Ilya Grigorievich
Ehrenburg

1891-1967


Ilya Grigoryevich Ehrenburg was a famous anti-fascist writer, poet, one of the most famous wartime publicists. He was the author of the story Thaw, which title is synonymous with an entire period of Soviet history. He spent about twenty years in exile, having returned to Russia only when World War II broke out. In 1908 he was arrested for underground revolutionary activities. He emigrated to France. He moved in a circle of cultural, artistic and political figures, including Vladimir Ulyanov, and engaged in literary activities in Paris. He criticized the Bolshevik movement in his works on socio-political issues. In the early 1920s, Ilya Grigorievich worked as a correspondent for the Izvestia newspaper. His journalistic articles with bright slogans became a powerful tool of Soviet propaganda in Europe. Several years later, the writer returned to his homeland, where he began to find inspiration by traveling through the Russian hinterlands. During the World War II, he was a correspondent for the newspaper Krasnaya Zvezda, wrote for other newspapers and for the Sovinformburo.
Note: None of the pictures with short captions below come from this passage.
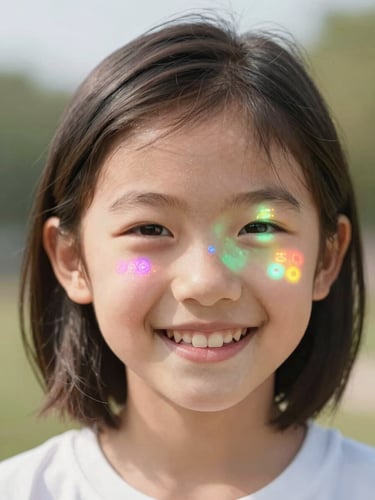 A smiling young teenager with a colorful digital art interface glowing on her face, bright daylight, creative joyful mood, 35mm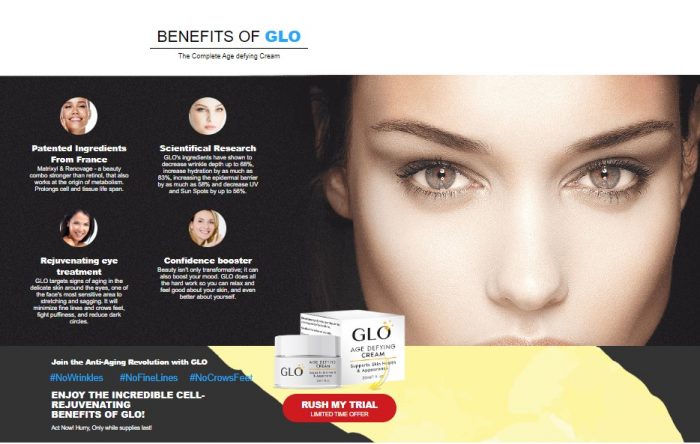 GLO Anti Aging Cream Reviews[*NEWEST REPORT]: 100% Effective Ingredients to Stop Skin Aging!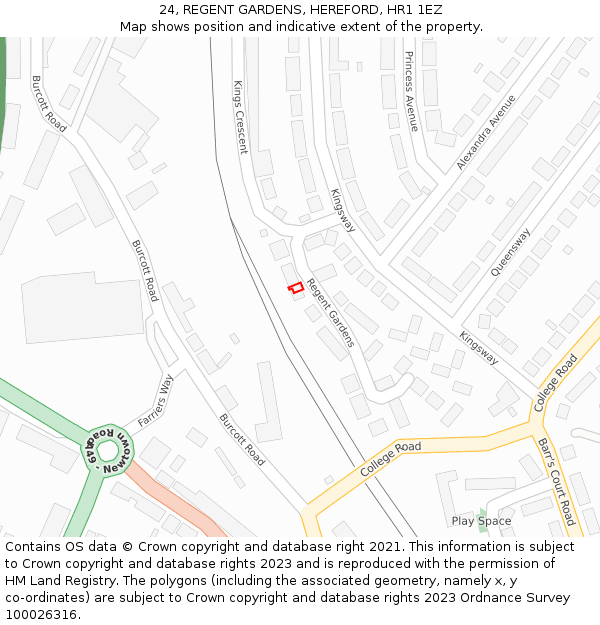 24, REGENT GARDENS, HEREFORD, HR1 1EZ: Location map and indicative extent of plot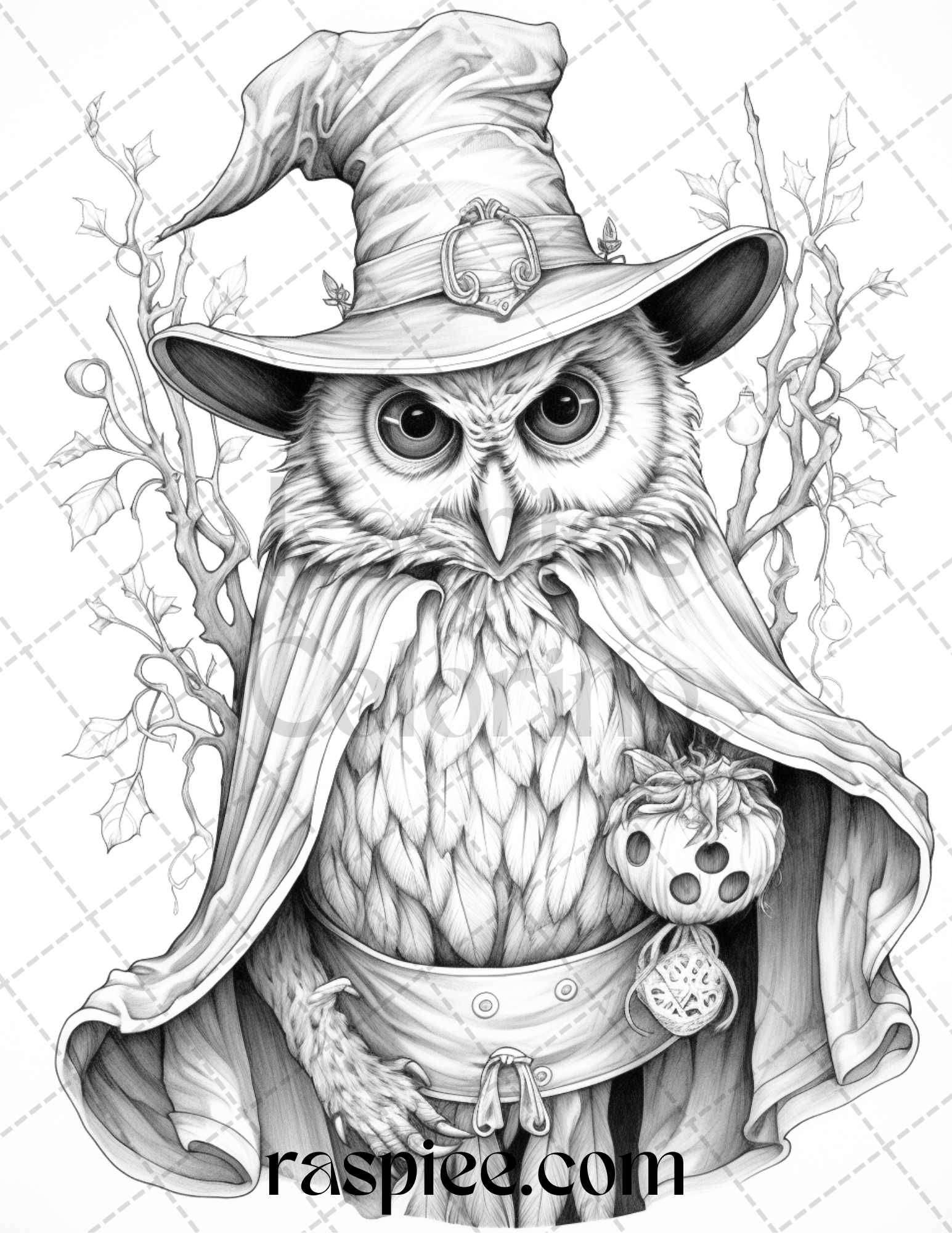 Halloween witch owl grayscale coloring pages for adults and kids prin â coloring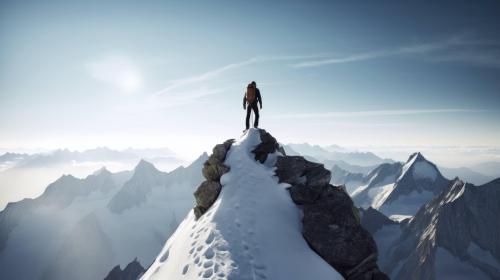 an inspirational desktop wallpaper featuring a mountain climber reaching the summit of a snow-covered peak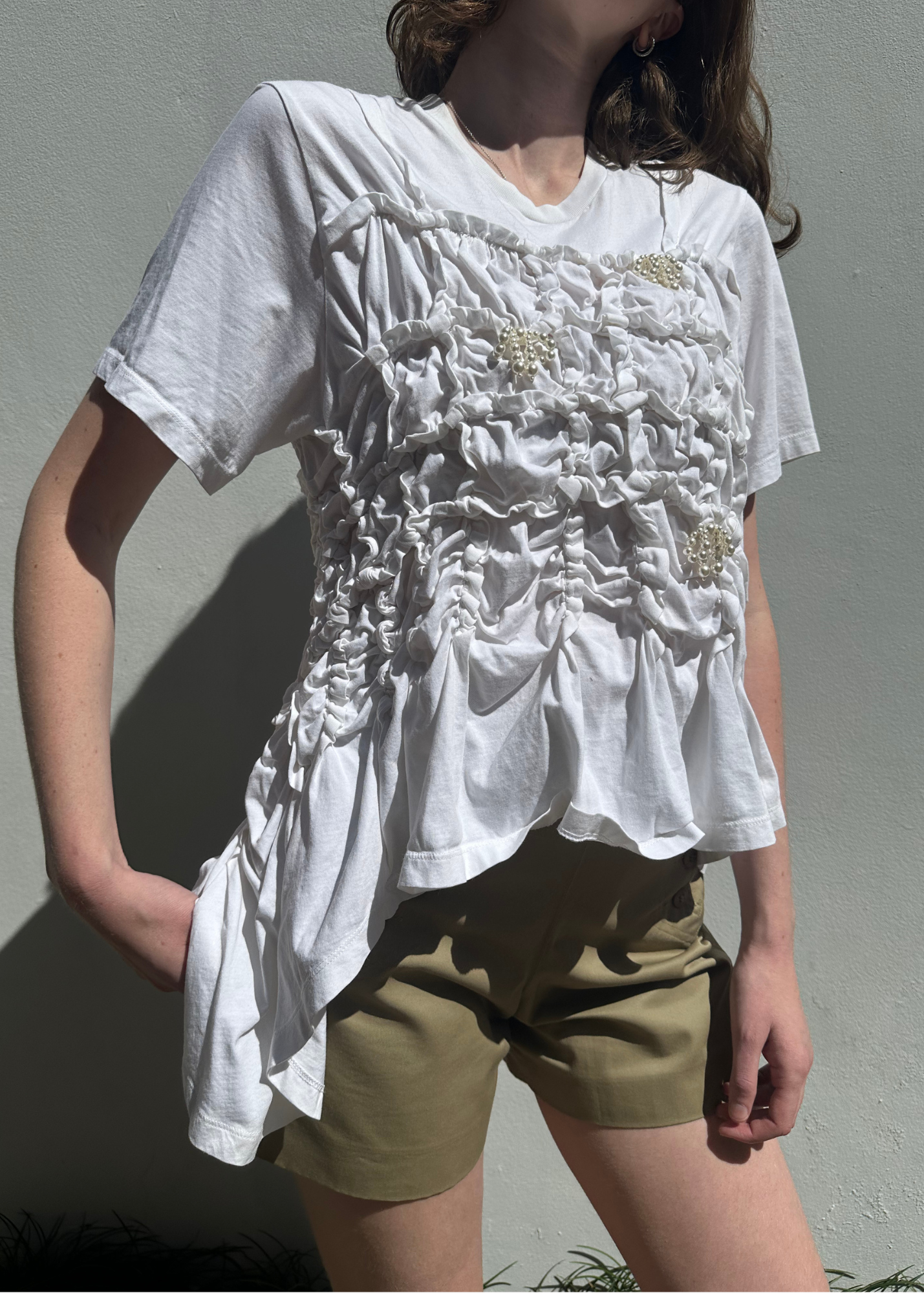 SIMONE ROCHA (AS IS) Pearl + Bows Cinched Asymmetrical T-Shirt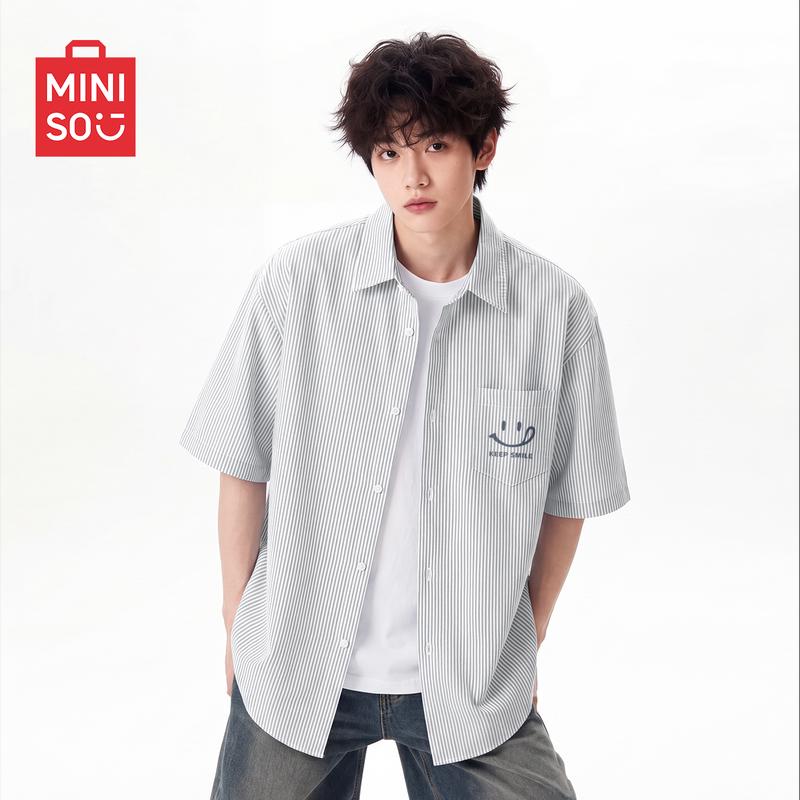MINISO Men s Striped Casual Short Sleeve Lapel Shirt 2XL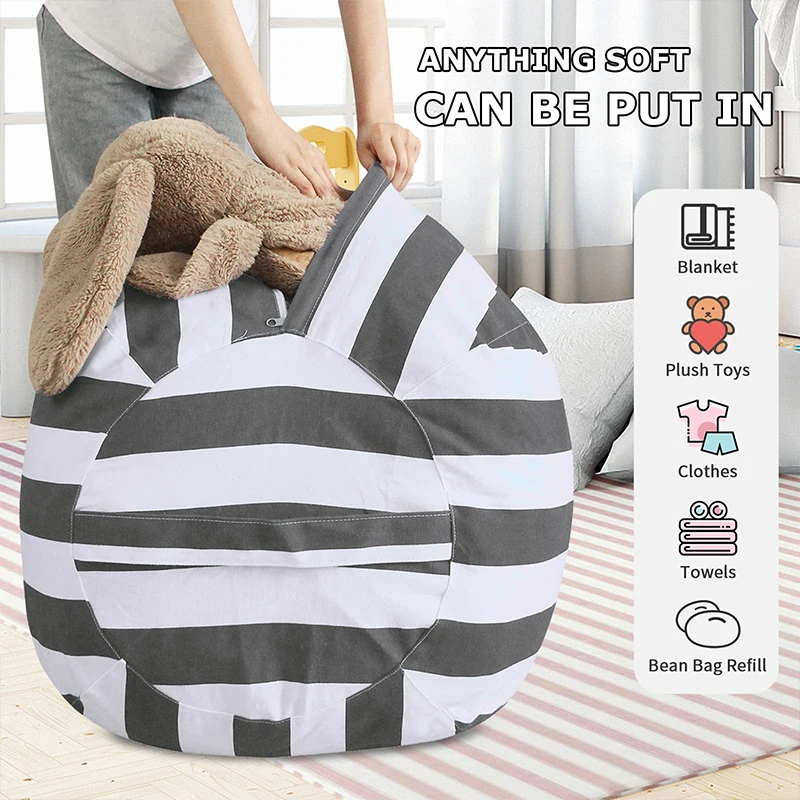 Printed Children's Plush Toy Storage Beanbag Set Comfortable Lazy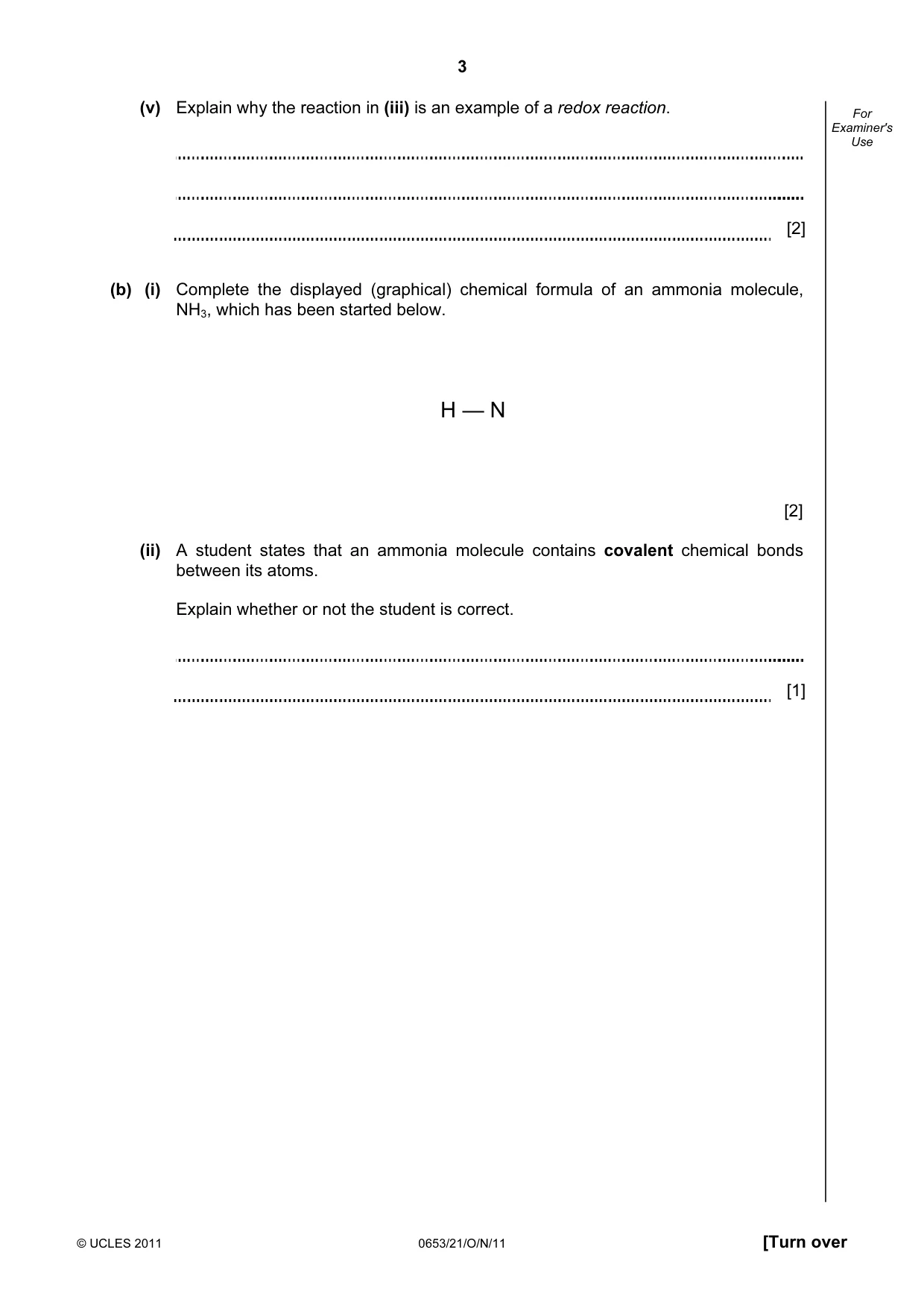 Cambridge IGCSE Science - Combined 0653 2011 Oct/Nov Paper 2 · Variant 1 question paper, page 3 of 20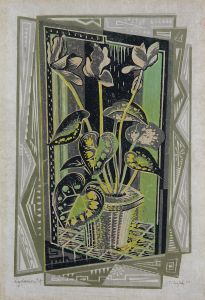 J. T. English - Lincocut "Cyclamen" 1955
In 1942, he joined the Jewish Anti-Fascist Committee and was active in collecting and publishing materials about the Holocaust. Together with Vasily Grossman, he coordinated the compilation of a Black Book documenting the Holocaust.  Ehrenburg is known as the author of the first use of the phrase “Victory Day” in Russian literature. Together with the poet Konstantin Simonov, he created the famous slogan “Kill the German!”, which boosted the morale of the Red Army. The author published two other works, which became one of the most important in his creative biography, at the end of the war: The Ninth Wave and The Storm. The last essay brought Ehrenburg All-Union fame and the highest state award in the field of literature—the Stalin Prize. In 1954, he published the novel Thaw, which gave its name to an entire era of Soviet history.